# Œdipe à Colone (Antonio Sacchini)



## Meyerbeer Smith (Mar 25, 2016)

*ŒDIPE À COLONE
*Tragédie-opéra in 3 acts

Composer: Antonio Sacchini

Libretto: Nicolas-François Guillard, after Sophocles

First performed: Versailles, 4 January 1786, then at Paris, at the Académie Royale de Musique (salle de la Porte Saint-Martin), 1 February 1787, conducted by Jean-Baptiste Rey

*SYNOPSIS*
(Based on Piotr Kaminski, _Mille et un opéras_, Fayard, 2003, and Wikipedia article.)

The opera is loosely based on Sophocles' tragedy _Oedipus at Colonus_ (401 BC).

Oedipus, as everyone knows, killed his father and married his mother. "When he found out what he had done, He tore his eyes out one by one - The tragic end to a loyal son who loved his mother."

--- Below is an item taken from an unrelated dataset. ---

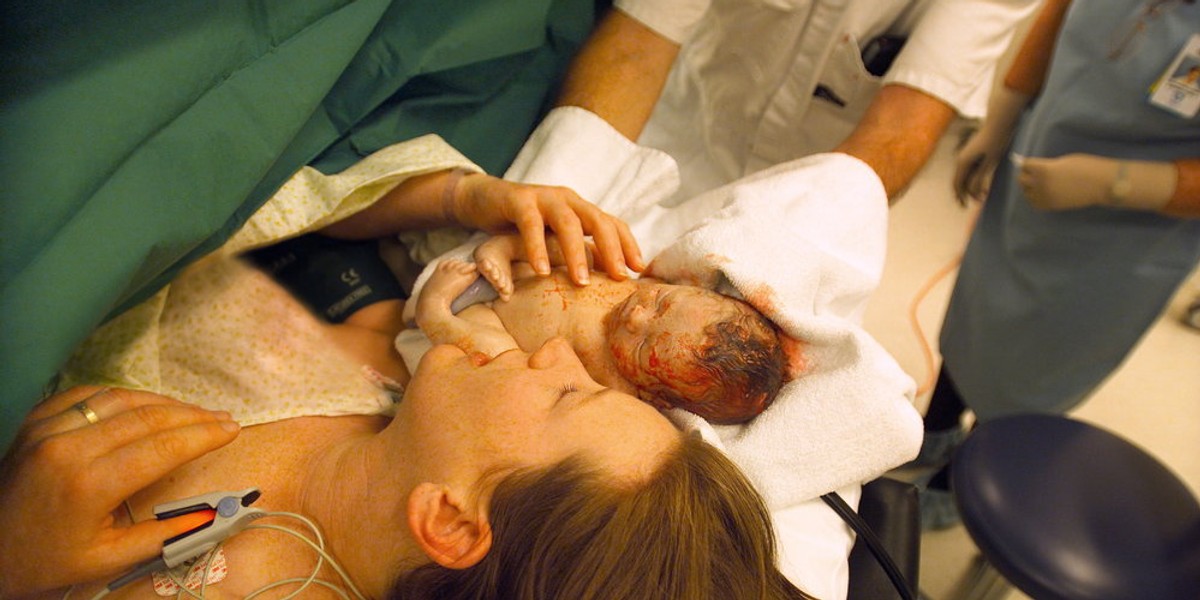 Ministerstwo Zdrowia chce ograniczyć cesarskie cięcia - Dziecko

Exiled from Thebes by his own sons, Eteocles and Polynices, the king wanders Greece, guided by his loyal daughter Antigone. The curse has passed on to the next generation. Eteocles and Polynices have quarrelled over the throne of Thebes; the victorious Eteocles has exiled Polynices.






ACT I
Theseus, ruler of Athens, promises Polynices both his aid and his daughter, Eriphile. The Athenians celebrate -





but Polynices fears the judgement of the oracles for his crime against his father. As he makes a sacrifice at the temple of the Eumenides at Colonus, near Athens, the gods show their displeasure by thunder and lightning.






ACT II
Polynices, driven from Athens, begs the gods' forgiveness. Suddenly, he sees his father and Antigone descending the mountain. The Furies drive him temporarily insane. Antigone pleads with the gods to have mercy on her father. has come to ask the Eumenides for forgiveness. The Athenians refuse to let a polluted incestuous murderer enter the city, but Theseus intervenes in Oedipus' favour; he is a victim of fate, rather than a criminal.






ACT III
Polynices, moved by Antigone's sincere devotion to their father, repents. He is even willing to renounce Eriphile's hand, and restore the throne of Thebes to Oedipus. But Oedipus will have none of it; he curses both Polynices and Eteocles. At last, he yields to his children's pleas, and forgives his son.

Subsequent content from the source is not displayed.